**Task item:**
For the listing below, print exactly the lines from the line with "Realness Gown At Mssims Sims 4 Updates" to the line with "Golosinas Ositos Tropicales", both included, and nothing beyond them.

**Task material:**

··········

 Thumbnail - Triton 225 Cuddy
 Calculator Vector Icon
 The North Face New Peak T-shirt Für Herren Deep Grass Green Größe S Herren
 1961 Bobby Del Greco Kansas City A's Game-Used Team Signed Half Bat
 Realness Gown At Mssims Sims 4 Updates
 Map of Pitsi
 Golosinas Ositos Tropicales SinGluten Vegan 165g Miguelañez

··········

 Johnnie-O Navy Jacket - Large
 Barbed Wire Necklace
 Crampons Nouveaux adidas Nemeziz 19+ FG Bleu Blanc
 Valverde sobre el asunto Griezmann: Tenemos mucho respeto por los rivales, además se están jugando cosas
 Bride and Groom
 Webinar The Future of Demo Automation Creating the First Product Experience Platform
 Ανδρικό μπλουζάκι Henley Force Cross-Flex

··········

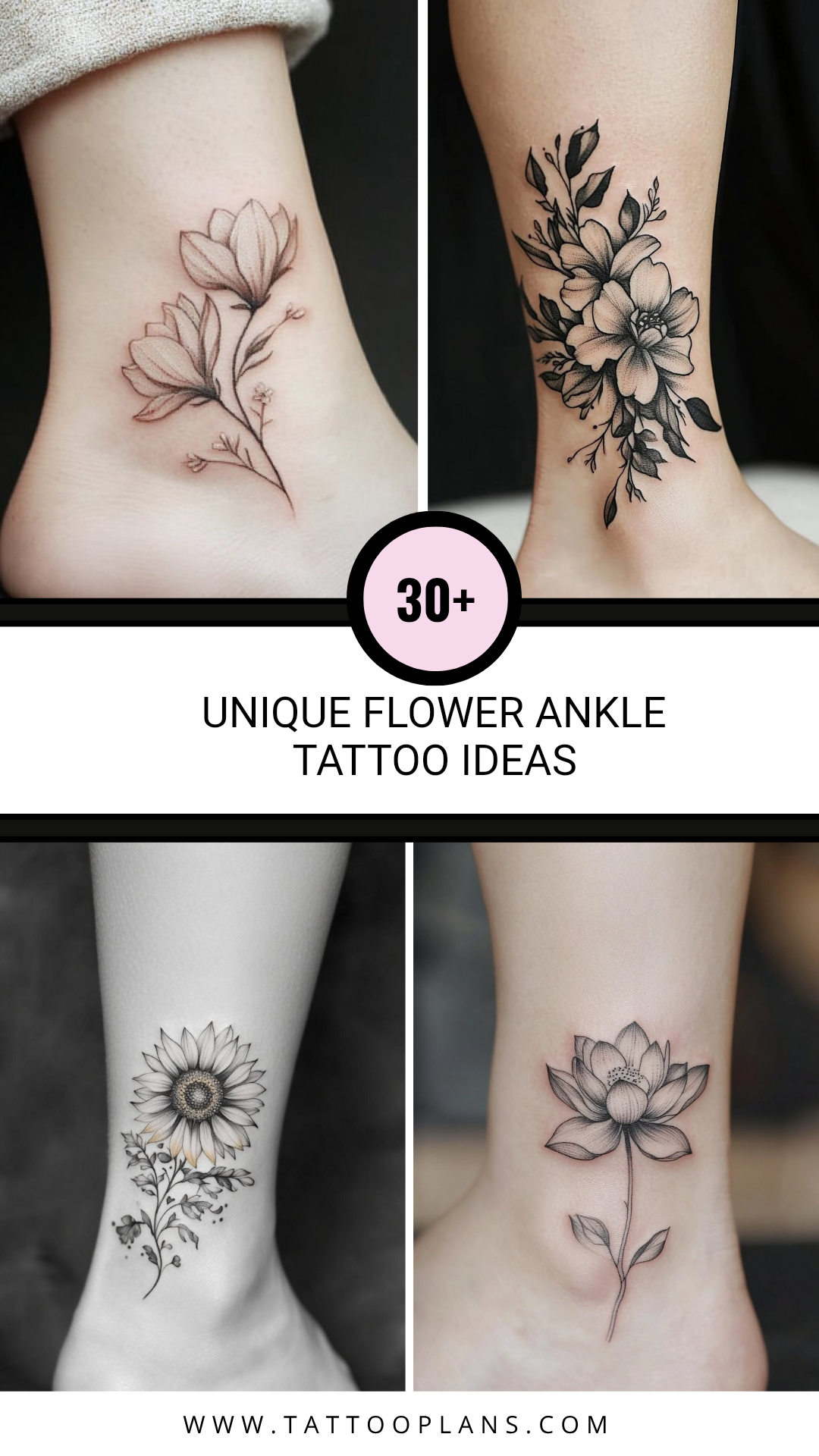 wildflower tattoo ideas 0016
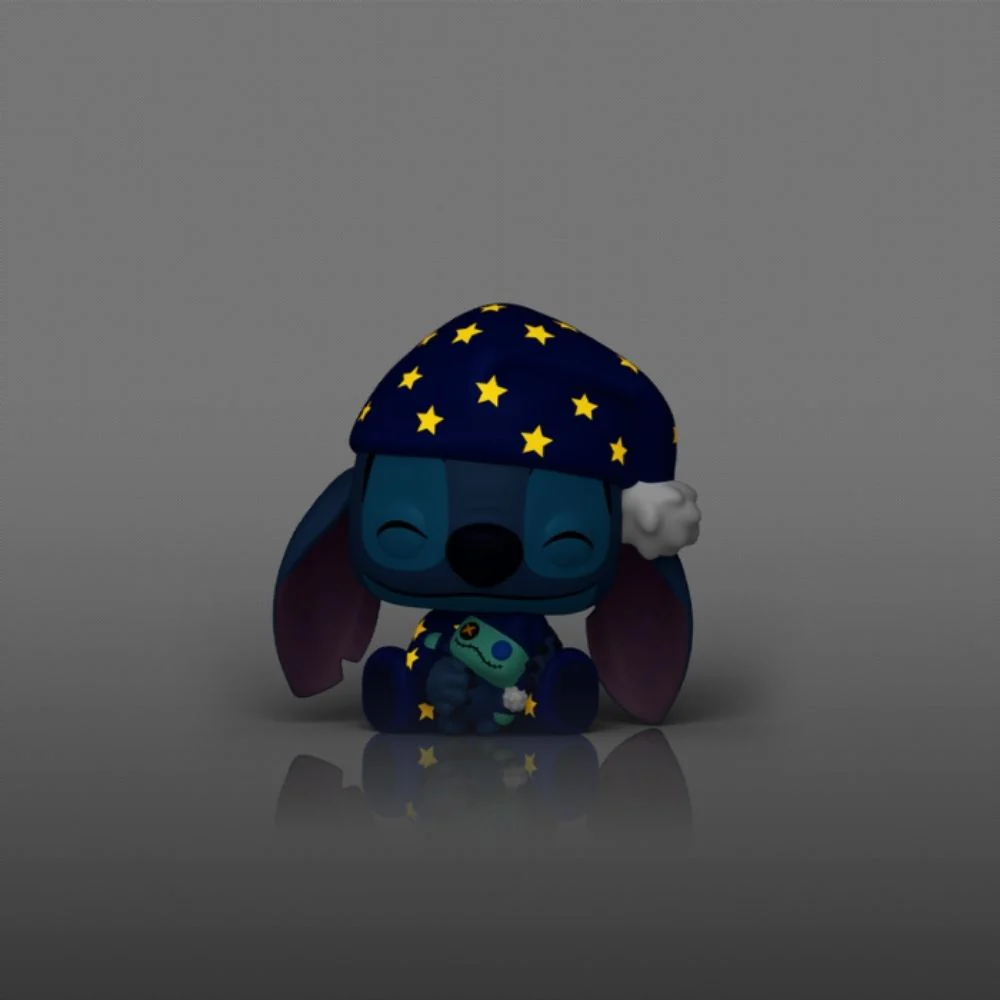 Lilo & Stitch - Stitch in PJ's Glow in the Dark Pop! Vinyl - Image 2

··········

**Result:**
 Realness Gown At Mssims Sims 4 Updates
 Map of Pitsi
 Golosinas Ositos Tropicales SinGluten Vegan 165g Miguelañez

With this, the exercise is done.